Question about the density of Q in R

Question

So I was looking over a density that shows that the rational numbers are dense in the real numbers. If $0< a <b$, with with $a,b$ real numbers, then I understood why we can chose n such that:

$$ \frac{1}{n} < a- b $$

and m such that:

$$ m-1 \leq an < m $$

The reasons are pretty easy, so I won't state them because they're not bothering me at all, my question isn't about them. So, by choosing $m,n$ integers, that satisfy the two inequalites we can show that:

$$ a < \frac{m}{n} < b$$

Which proves that we can find a rational numbers between any two reals. Then we can prove the case where $ a < 0 $

My question is, how does one get the idea to choose the n and m that satisfy the above properties? How does one get the intuition necessary for this kind of proof? After we fixed $n,m$, the algebra it's pretty easy and it leads us easily to the conclusion. But again, how can you get such an inspiration for chosing $n,m$? I agree that with enough will and guesswork you can find them. But is there some more subtle reason that can lead us to this idea? Am I missing something?

Answer 1

The idea (assuming that $a > 0$) is to look at the sequence of fractions $\dfrac 1n, \dfrac 2n, \dfrac 3n, \dfrac 4n,\cdots$ and to try to show that at least one of these values lies in between $a$ and $b$. The problem is that if $a$ and $b$ are too close together, then both $a$ and $b$ could lie in between two adjacent terms of the sequence. However, if $\dfrac 1n$ is small enough (less than $b-a$) this can't happen--that is, if $\dfrac{m-1}{n} \le a$ but $\dfrac mn > a$, then in fact $\dfrac mn < b$.

Answer 2

I'm interpreting your question as "how does a mathematician find such a proof", and not as "how does this specific proof work intuitively". I think a good approach to solve this, if you don't have any idea, is backwards. Let me try to give the way I would have approached the problem:

Obviously, given $a,b\in \mathbb{R}$ we want to find $\frac m n \in \mathbb{Q}$ with

$$a < \frac{m}{n} < b$$

Now we experiment a bit. In a way there are three possibilities open to us:

1. first find m, then fix m and find n
2. first find n, then fix n and find m
3. somehow find both of them at the same time

Approach number 3 looks more complicated, so we should look at the other two approaches first. Approach number 1 to me looks kind of odd, I wouldn't even know where to start looking so I'm trying to do approach number 2 (There may be a certain amount of dead end tries here, but I will ommit them):

Now I proceed again backwards. Assuming that I already have n, then m is my unknown and I should try to reformulate the problem into

$$an < m < bn$$

so the unknown stands alone. Now the first part of this inequality is easy, I have a fixed number $an$ so I just need to pick $m$ as the next integer. But I have to start thinking, what about $m < bn$? I need to make sure that there actually is an integer between $an$ and $bn$. But I still haven't chosen $n$, so what about that?

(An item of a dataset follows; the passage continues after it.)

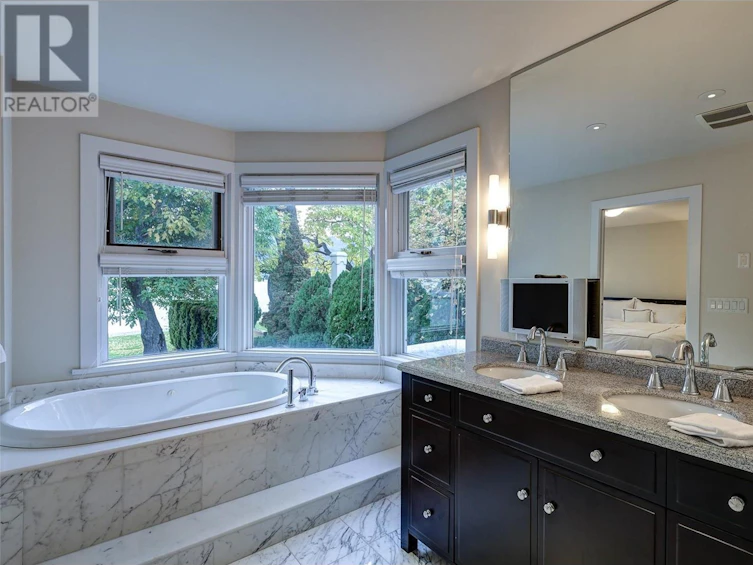 2094 Abbott Street, Kelowna, BC, V1Y 1C6 - 21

I know there will be an integer between $an$ and $bn$ if $an + 1 < bn$. But then I can solve for $n$ and write

$$ 1 < bn - an \Leftrightarrow \frac{1}{n} < b-a$$

and I know that such an $n$ indeed exists.

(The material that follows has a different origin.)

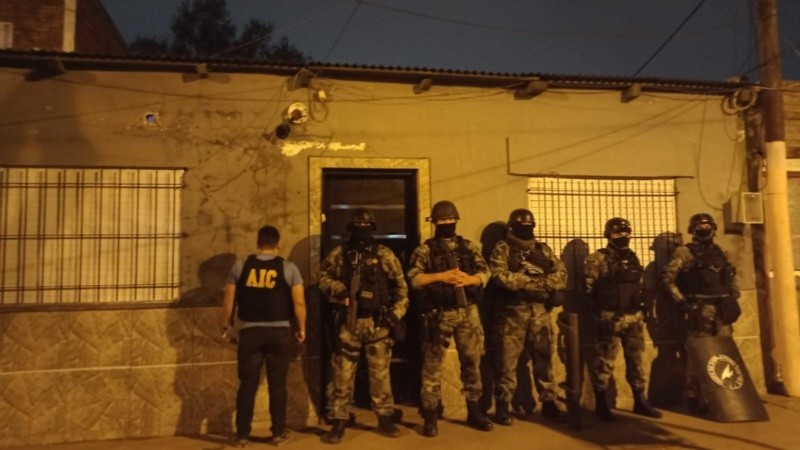 Allanamiento en Felipe Moré al 600 bis, en el pago chico de Riquelme, el nuevo enemigo público.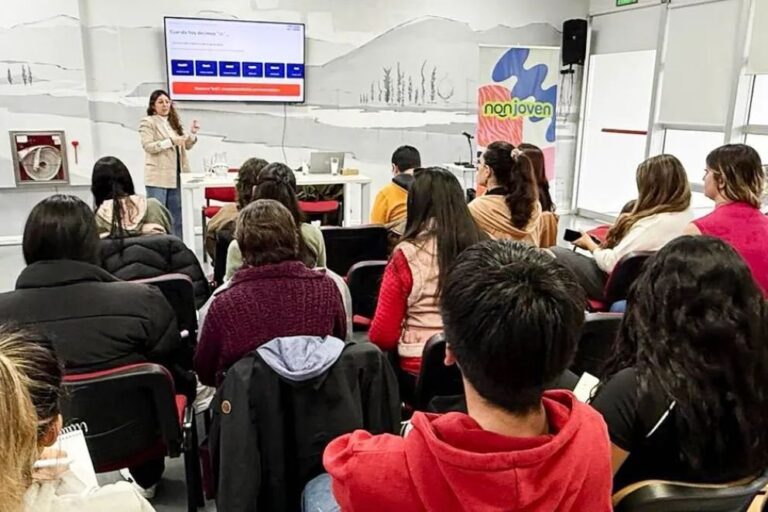 Taller de inteligencia artificial para emprendedores jóvenes en Neuquén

Now all I need to do is to write down this argument the other way round and end up with a proof.

There is one thing you should always keep in mind about mathematics: Proofs are seldom written down in the same way as they actually were developed. In the beginning you know roughly where to start (many of the conditions for a theorem actually are just put there when you see that you need them in the proof) and you know where you want to end up. From this you usually work in all directions forwards and backwards, sometimes establishing some points in the middle or splitting the result in smaller parts you think are easier, slowly closing the gaps. Then, when you are finished you have something that is rather unreadable, so you put it in the right order, remove some of the rubbish parts you never needed and try to write it down precisely.

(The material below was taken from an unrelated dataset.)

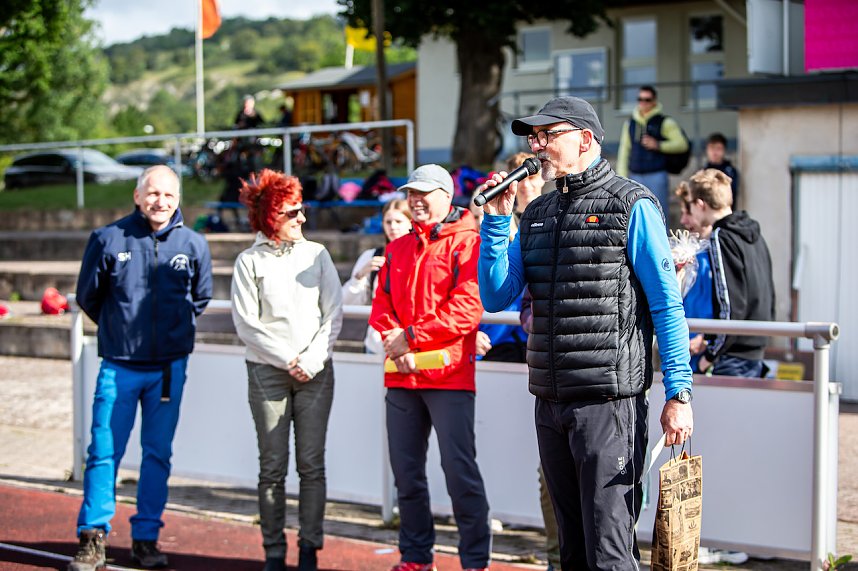 Verabschiedung einer Legende im Schulsport. Uwe R&uuml;diger geht in den Ruhestand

Many mathematicians are able to write down smaller proofs they just thought of in the correct order directly, but they will just have done the same back and forth in their mind, at least that's how I usually do this. However note, that there is no magic proof strategy that will always give you a result, just a bag of tricks you know and years of training and the intuition devolped from this training. There may be some savants, who just see the result, but they really are an exception.

Answer 3

This answer is not as elegant as the others, but I am posting this here for myself. This is how you might have solved the question pre-draft if it were on a timed exam. By the Archimedean Property, we may have also first chosen the smallest integer $m$ such that $na \lt m$, and only then justified a choice for $n$ upon examination of the inequality $m \lt na + 1$. That $a \lt b - \frac{1}{n}$ (not "equals to", lest we contradict that $a \lt b$) follows naturally from seeking simple cancellation without regard to a geometric construction like presented in Understanding Analysis, Stephen Abbott, and anyways it is also justified by the Archimedean Property.